Data extract ▸
BEGIN
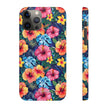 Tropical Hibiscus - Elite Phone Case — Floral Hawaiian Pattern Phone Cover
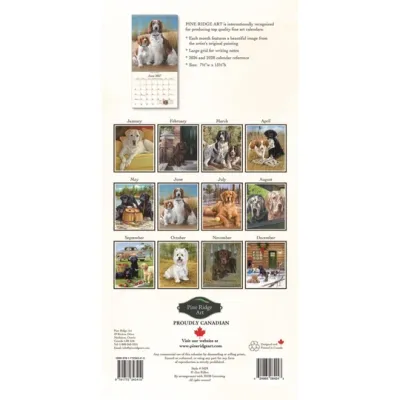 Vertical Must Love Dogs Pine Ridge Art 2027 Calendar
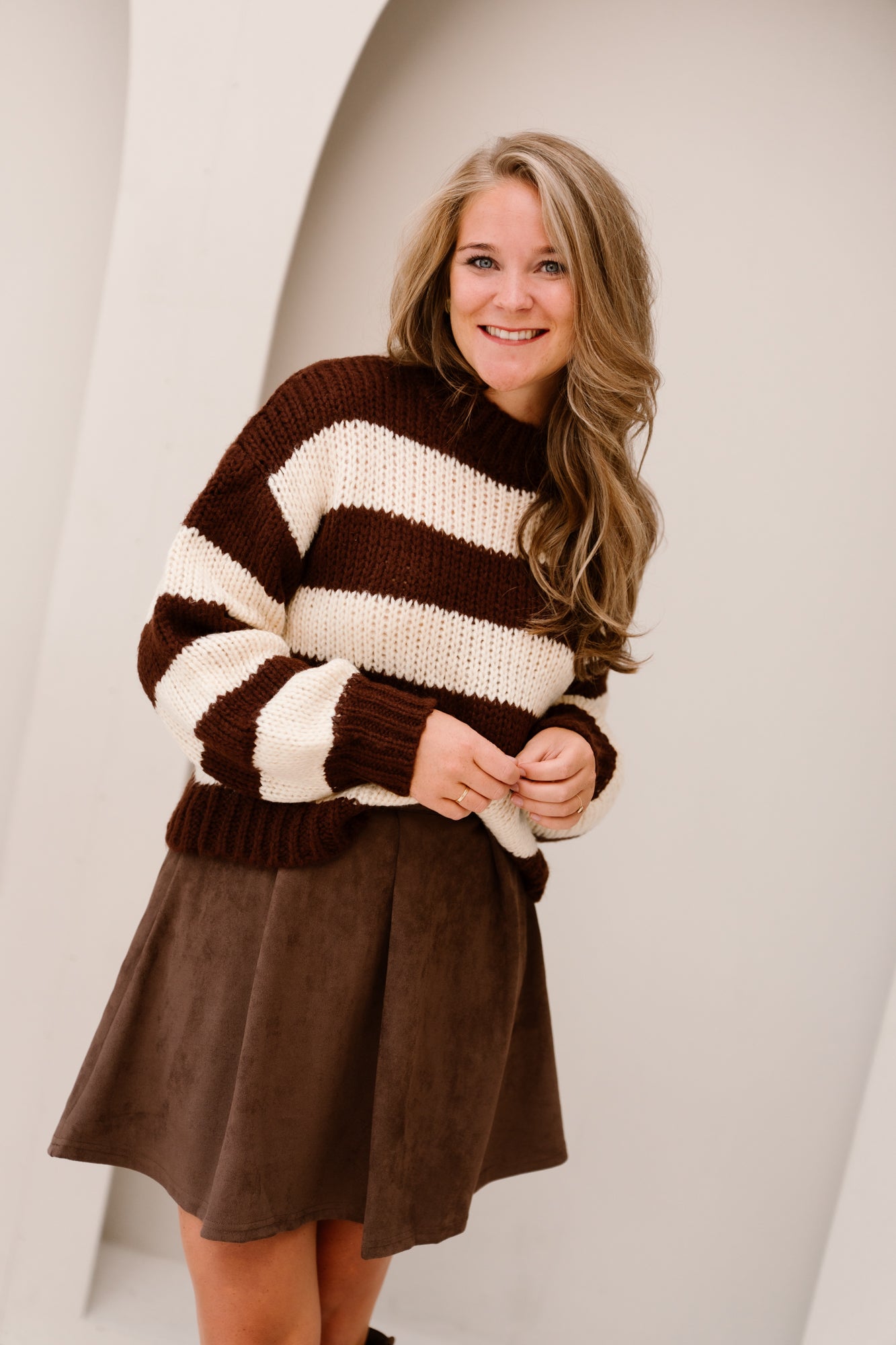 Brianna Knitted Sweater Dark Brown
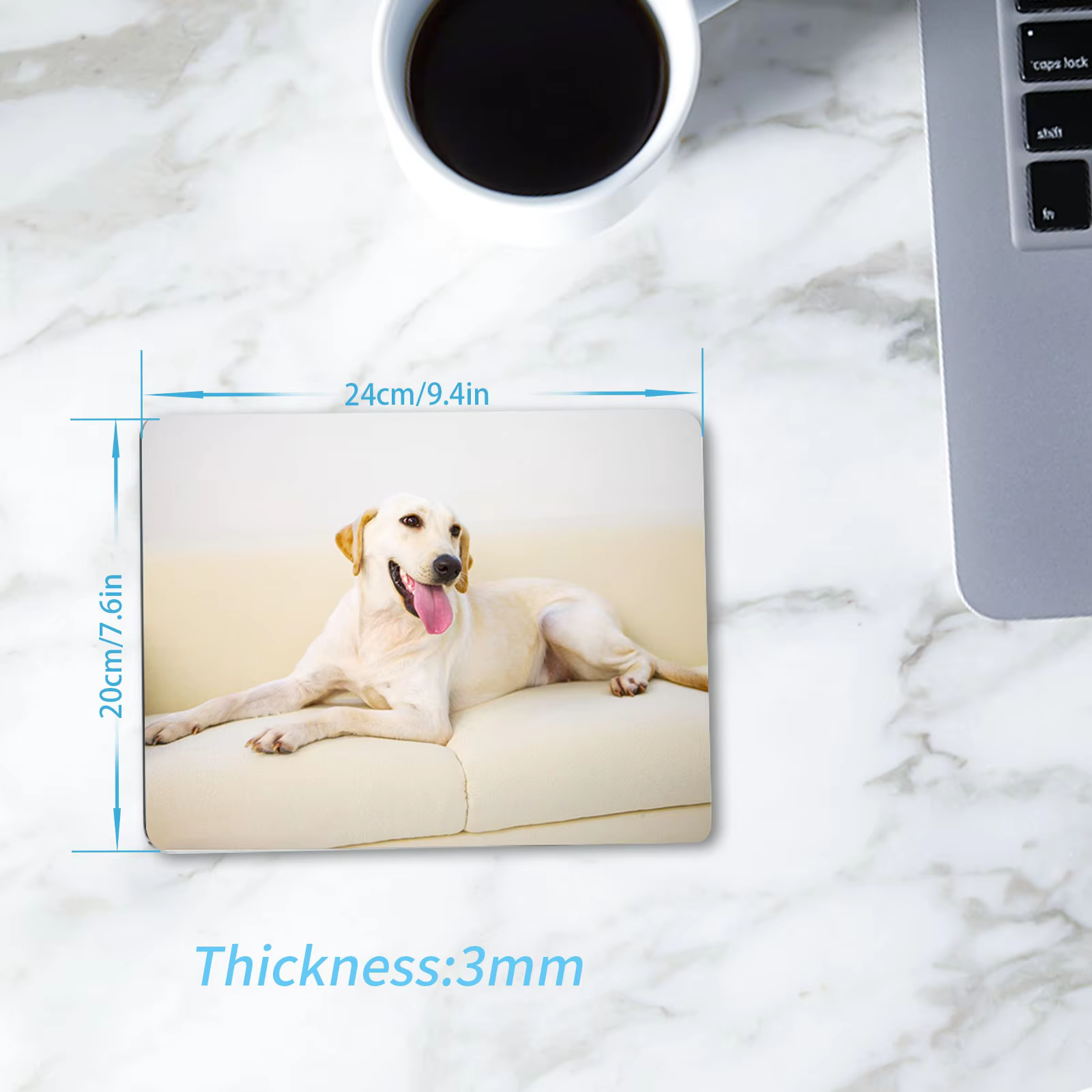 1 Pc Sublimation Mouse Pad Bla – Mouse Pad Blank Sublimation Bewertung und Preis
END
Activity ▸
Only the pictures stay out; everything else in the listing above must be repeated exactly.

Answer to the problem ▸
 Tropical Hibiscus - Elite Phone Case — Floral Hawaiian Pattern Phone Cover
 Vertical Must Love Dogs Pine Ridge Art 2027 Calendar
 Brianna Knitted Sweater Dark Brown
 1 Pc Sublimation Mouse Pad Bla – Mouse Pad Blank Sublimation Bewertung und Preis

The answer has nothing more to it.